50 000 « juku » se livrent une concurrence féroce dans l’organisation des cours du soir au Japon.

Dans l’escalier qui mène au 4e étage de l’école Shidokai, un des juku du quartier de Yoyogi, à Tokyo, une grappe d’enfants s’essouffle pour arriver à l’heure au cours de Yoshifumi Aratake, leur sensei (maître) attitré. Trois à quatre fois par semaine, entre 17 h et 21 h, avec une pause de vingt minutes pour avaler le bento (boîte-repas) préparé par leur mère, enfants et adolescents de 9 à 15 ans viennent ici bûcher dur. Très dur. Objectif : préparer les examens d’entrée (d’été et d’hiver) aux meilleurs collèges et lycées. L’école Shidokai de Yoyogi, un des 50 000 cours privés de rattrapage du pays, est une filiale du groupe Shugakusha, inscrit au Jasdaq (2e section de la Bourse de Tokyo), qui affiche un credo très vendeur en ces temps de compétition acharnée entre écoles d’enseignement parallèle : le dépassement par la connaissance. Catégorie sciences. « Notre juku forme de futurs médecins et scientifiques, explique Kan Nagai, 63 ans, ancien d’American Express parachuté à la tête de l’école.
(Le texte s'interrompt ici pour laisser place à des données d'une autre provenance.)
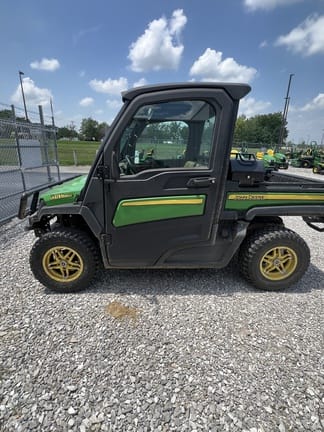 2019 John Deere XUV 835M Equipment Image0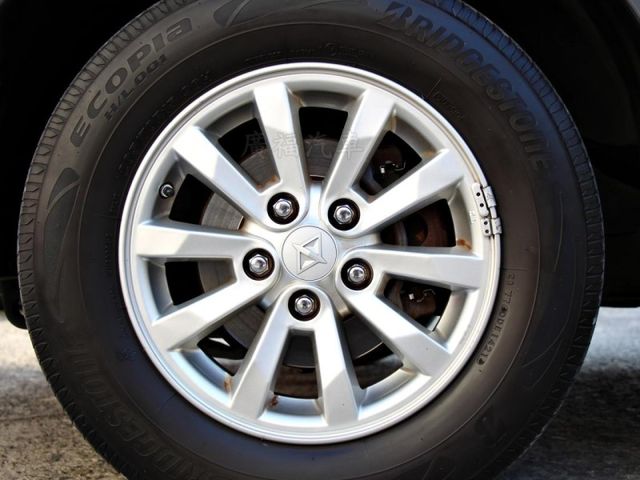 Mitsubishi Zinger  第24張相片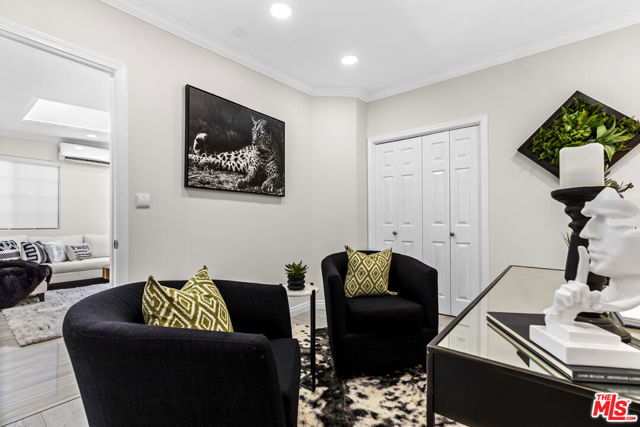 8557 Norwich Avenue, North Hills CA: https://media.crmls.org/mediaz/7a336973-17ed-4180-8a55-0ee4835c5c29.jpg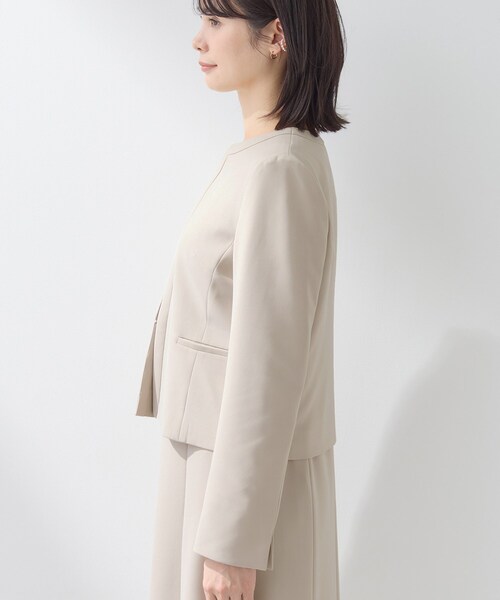 INDIVI（インディヴィ）の「【上品光沢／セレモニー／SETUP可能】切り替えデザインジャケット（ノーカラージャケット・レディース・ネイビー/ベージュ系5・38/36/19/40/15 /13/05）」の5枚目の写真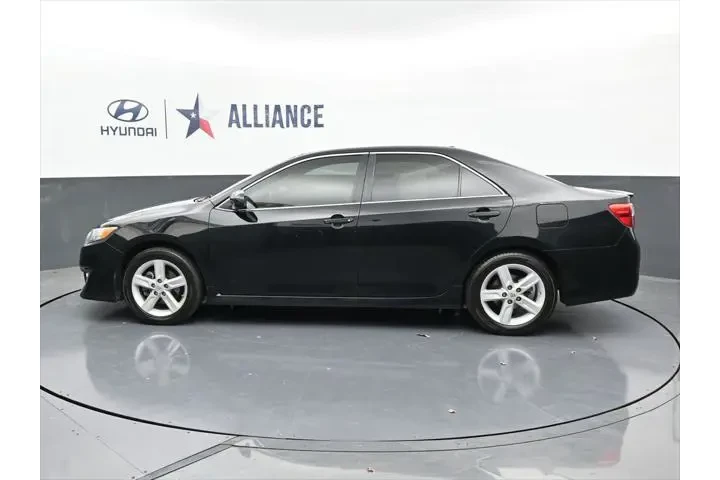 $9390 : Toyota Camry 2014 XLE 4dr Se image 3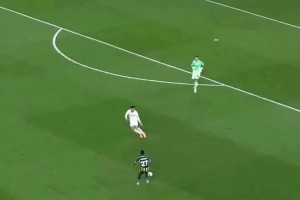 预定普斯卡什？必须向这粒惊天倒钩致敬！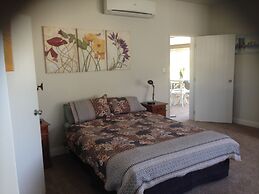 Cave Rock Guest House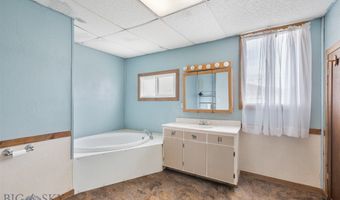 612 E 3rd St, Anaconda, MT 59711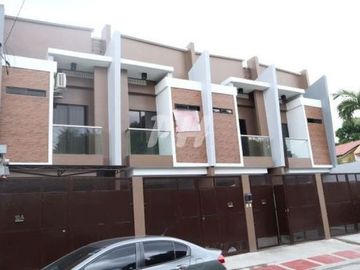 PH992 Townhouse for Sale in Fairview at 6.8M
Nos élèves cravachent les sciences et les mathématiques. »

Traité d’économie. Il est 17 heures. Six enfants sont assis face au tableau dans la salle 48. Engoncé dans un costume-cravate bleu marine, le professeur Aratake entame le cours de « social », véritable traité d’économie. Sujets du jour : la politique des prix, la distribution et les banques. Telle une machine, maître Aratake livre sa science à ses protégés. Un savoir à l’évidence enseigné d’ordinaire au lycée ou à l’université. Le sensei n’oublie rien. Surtout pas le trait d’humour qui fait rire les petits, soudain guillerets, et détend un instant l’atmosphère pesante de cet effrayant bourrage de crâne chronométré. Pourtant, aucun élève ne donne ici l’impression de souffrir. A chaque question, une main se lève et la bonne réponse fuse. Idem à côté, salle 46, où une maîtresse décrit comment naissent les nuages.
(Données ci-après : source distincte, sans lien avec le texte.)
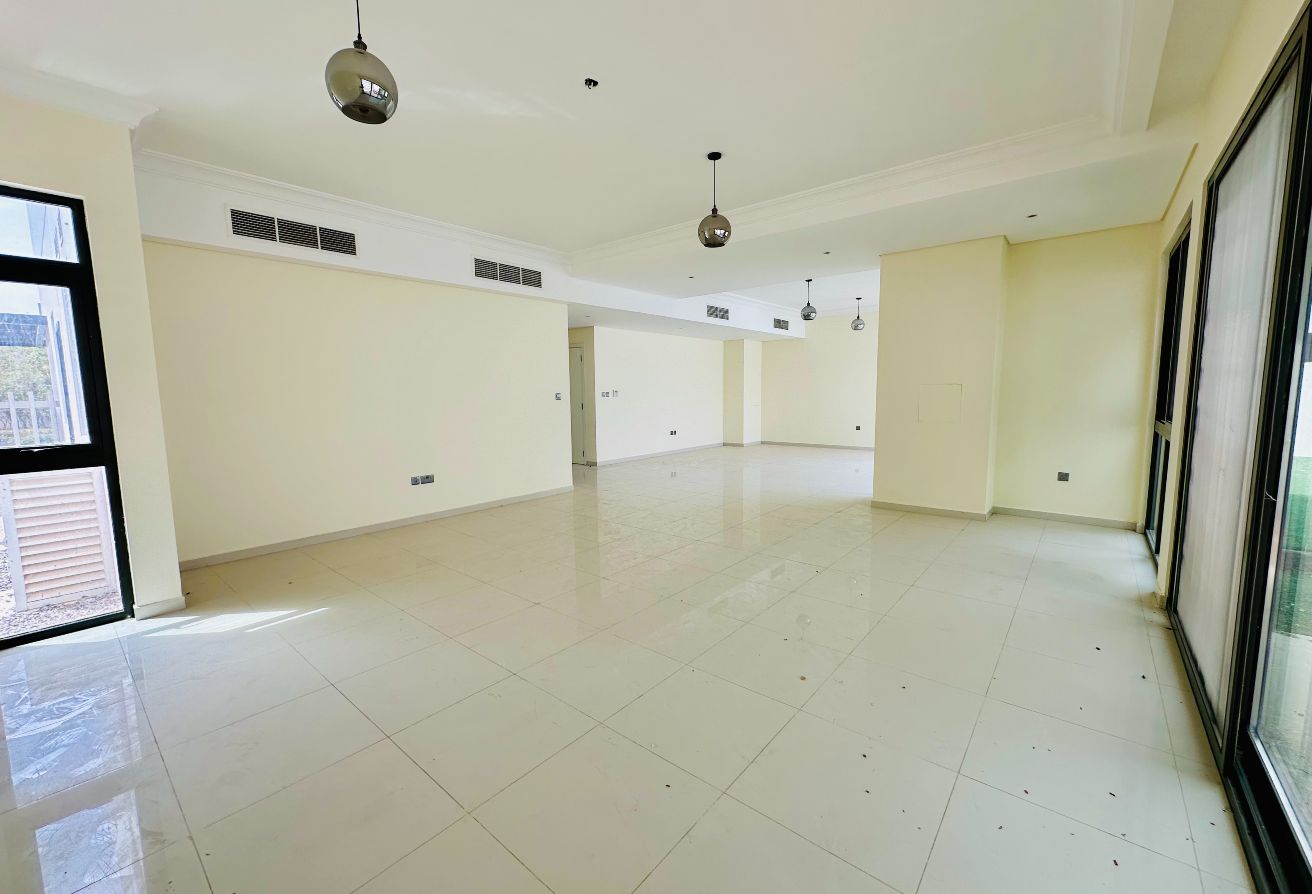 6 + Maids | Spacious Layout | Excellent Condition 3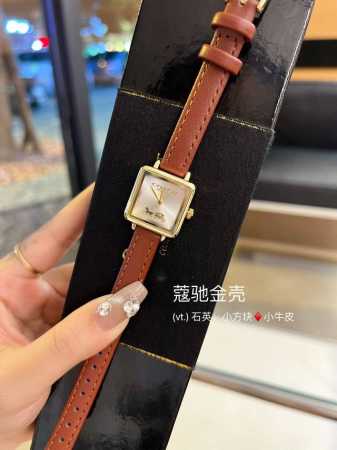 Coach 蔻驰cass系列茶玫瑰表盘小牛皮石英手表女表小方糖小方表。 立体感茶玫瑰搭配个性方形表盘，优雅时尚，设计感小巧精致 表壳材质：镀金钢。 机芯材质：石 - 点击图像关闭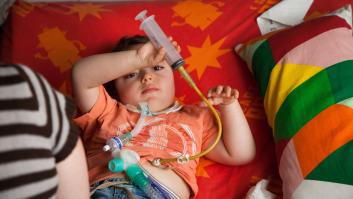 La historia de Aarón, cuya vida depende de la factura de la luz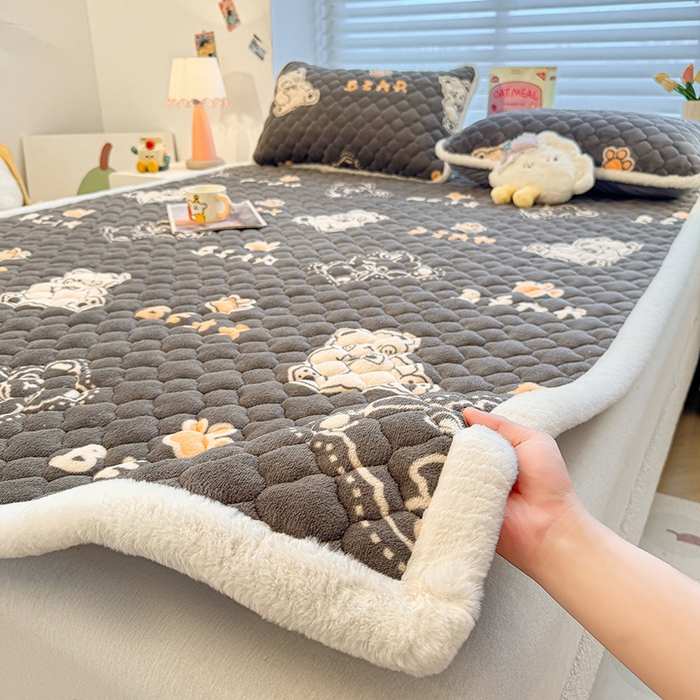91家纺网 家纺一手货源 找家纺 喜居 2025新款高克重印花牛奶绒夹棉床褥床垫子褥子床护垫 嘟嘟熊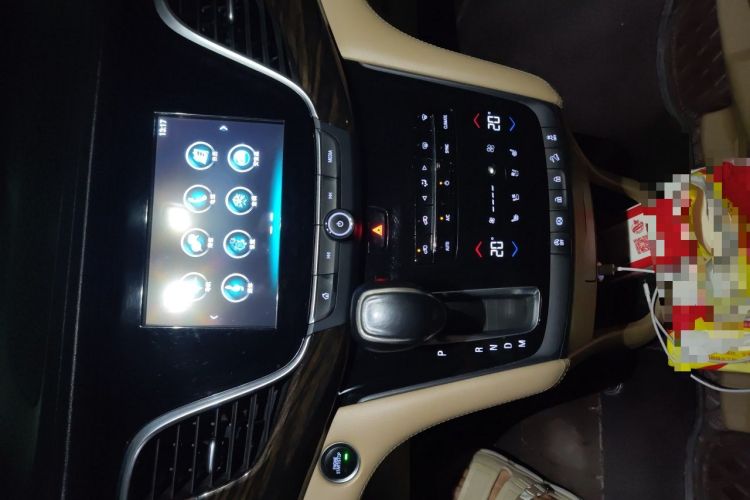 Used Buick GL8 2018 ES 28T Flagship Model China VI Standard Audio And AC Panel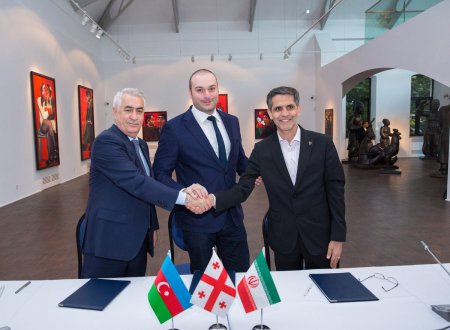Azərbaycan, Gürcüstan, İran Dəmir Yolları arasında üçtərəfli protokol imzalanıb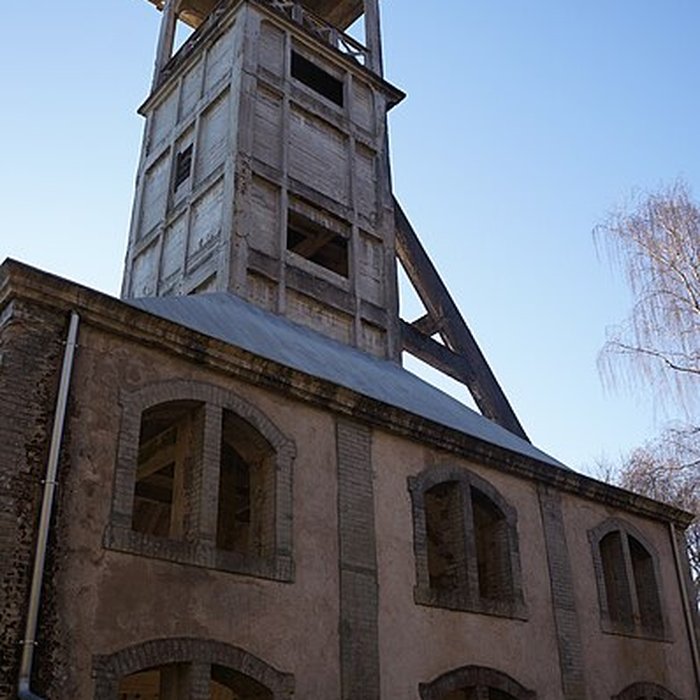 Photo de Chevalement du puits Sainte-Marie à Ronchamp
A 18 h 30, Aratake sensei éteint la lumière. Déplie son PC, déroule un écran : « Nous allons maintenant expliquer comment se forment l’inflation et la déflation. » A part un garçon et une fille, qui ont décroché et piquent du nez, les yeux embués de sommeil, les autres restent scotchés aux paroles du maître, hochant la tête comme des grands. Ils prennent peu de notes, l’oeil rivé sur leurs polycopiés. Sans qu’on sache toutefois s’ils saisissent ne serait-ce qu’un tiers du cours.

Sacrifice. Kan Nagai livre la clé du juku : « En fait, à peine 10 % ou moins de nos 1 500 élèves inscrits réussiront vraiment, décrocheront la voie royale, les meilleures écoles et universités. Peu importe. Car tous veulent y croire. » Les enfants comme les parents. « Une majorité de gens aisés, concède Nagai-san. Des docteurs, des hommes d’affaires. Car le juku, c’est un business. Cela coûte très cher. Placer un enfant chez nous coûte au minimum 1 million de yens par an (7 690 euros, ndlr). » Pour certains, le juku est synonyme de sacrifice. « Des parents cumulent des petits boulots pour offrir le juku à leur enfant », glisse un responsable de Shidokai.
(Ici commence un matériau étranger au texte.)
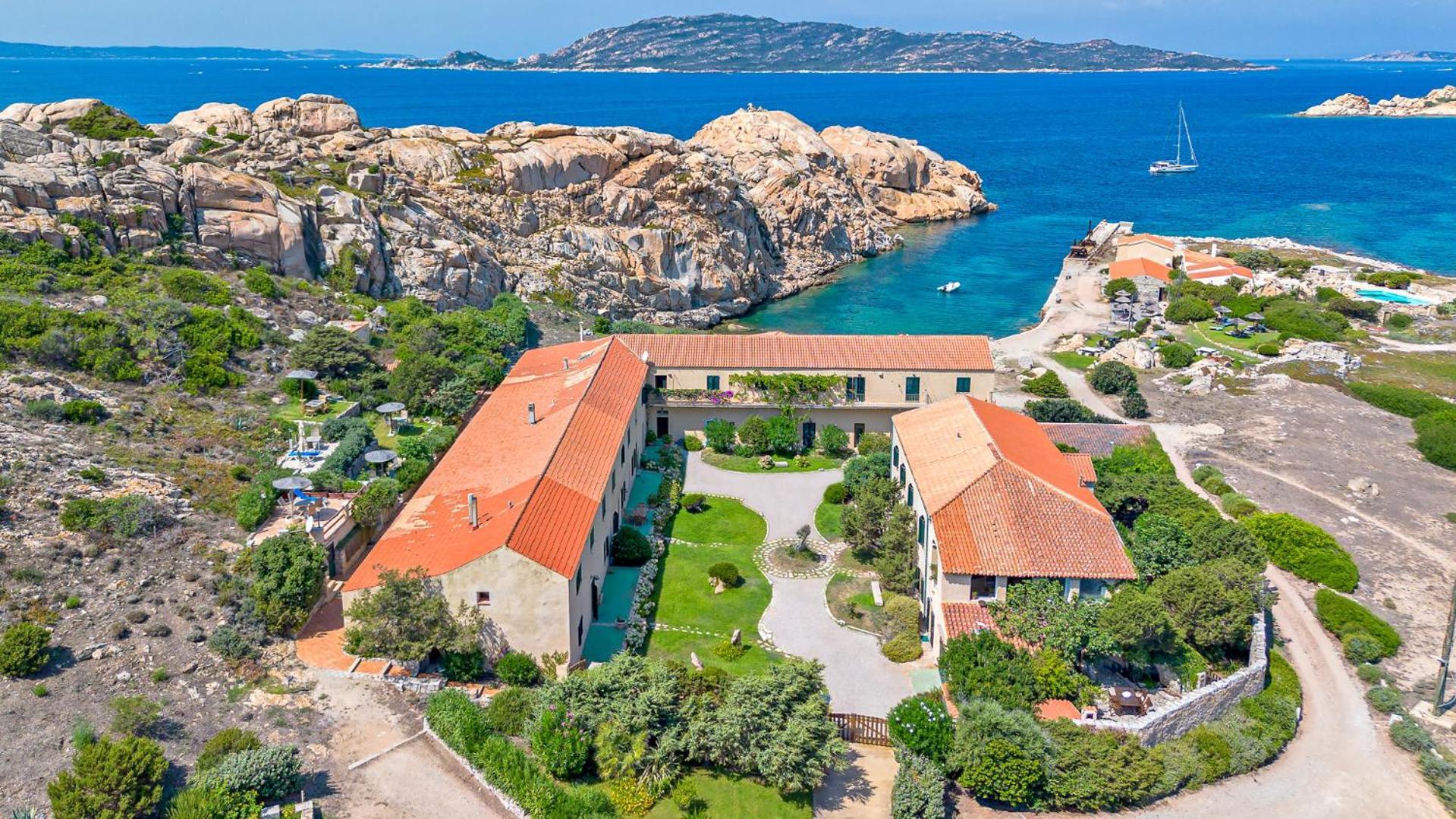 Residence Cala Francese - Case Sul Mare La Maddalena  Dış mekan fotoğraf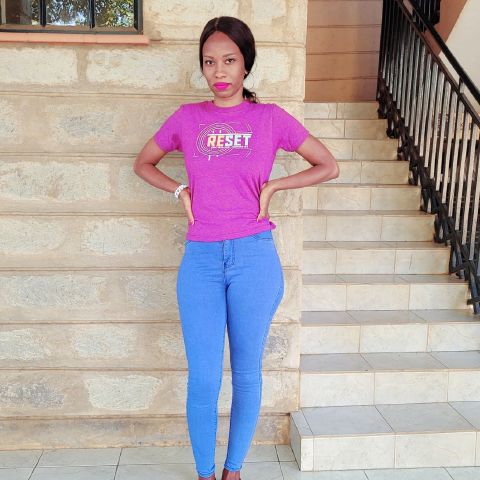 Emma713 is Single in Kisumu, Nyanza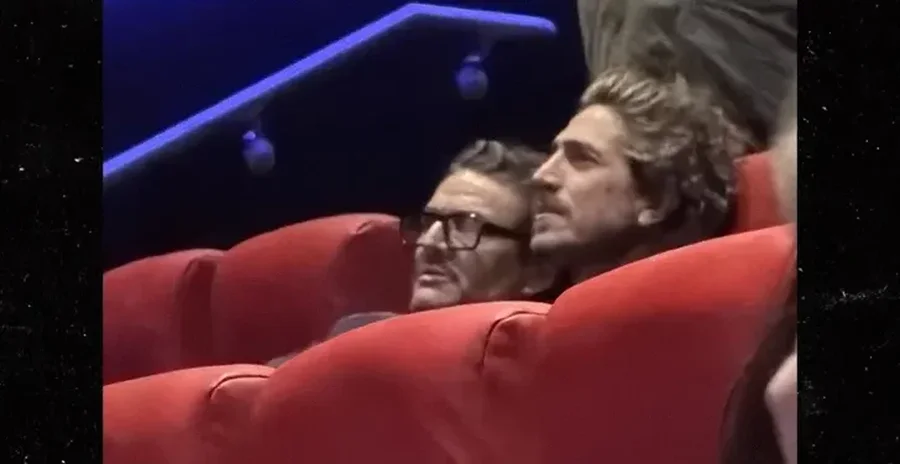 Pedro Pascal dhe Rafa Olarra, momente të ngrohta në kinema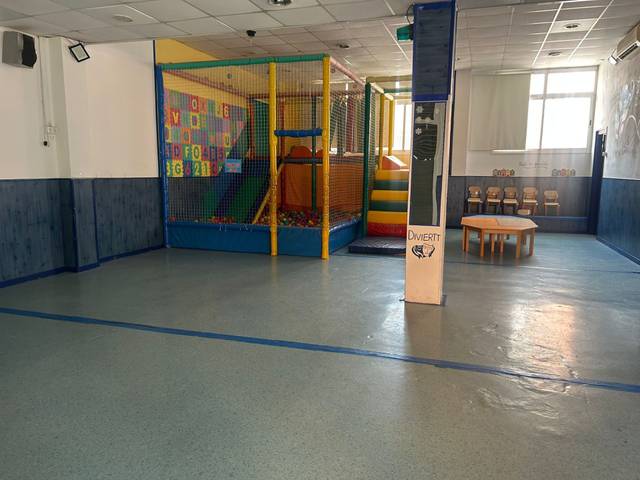 Local comercial en Alquiler en Can Vinader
Estimée à environ 8 milliards d’euros, la filière des juku connaît une croissance exponentielle. Depuis trois ans, les profits du groupe Eikoh, n° 1 au Japon, progressent de 30 % en moyenne. Mais les temps changent. « Grâce à l’Internet et à la télévision câblée, d’autres systèmes d’enseignement parallèles se développent », précise un dirigeant de Yoyogi Seminar, école de bachotage voisine de l’école Shidokai. Kan Nagai, lui, n’y croit pas. Rien, d’après lui, ne remplacera jamais la voix de son maître.